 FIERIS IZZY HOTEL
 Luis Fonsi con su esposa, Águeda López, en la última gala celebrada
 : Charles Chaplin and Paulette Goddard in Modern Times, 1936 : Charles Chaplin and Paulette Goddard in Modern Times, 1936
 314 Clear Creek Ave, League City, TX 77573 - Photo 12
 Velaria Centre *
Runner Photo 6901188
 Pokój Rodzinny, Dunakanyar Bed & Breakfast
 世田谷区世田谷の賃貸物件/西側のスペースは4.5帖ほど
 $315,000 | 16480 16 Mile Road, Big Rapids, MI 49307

++++++

- TASK DETAILS -
Only the span from the line with "Pokój Rodzinny, Dunakanyar Bed & Breakfast" through the final line of the records goes in the output, each line unchanged.

- YOUR RESPONSE -
 Pokój Rodzinny, Dunakanyar Bed & Breakfast
 世田谷区世田谷の賃貸物件/西側のスペースは4.5帖ほど
 $315,000 | 16480 16 Mile Road, Big Rapids, MI 49307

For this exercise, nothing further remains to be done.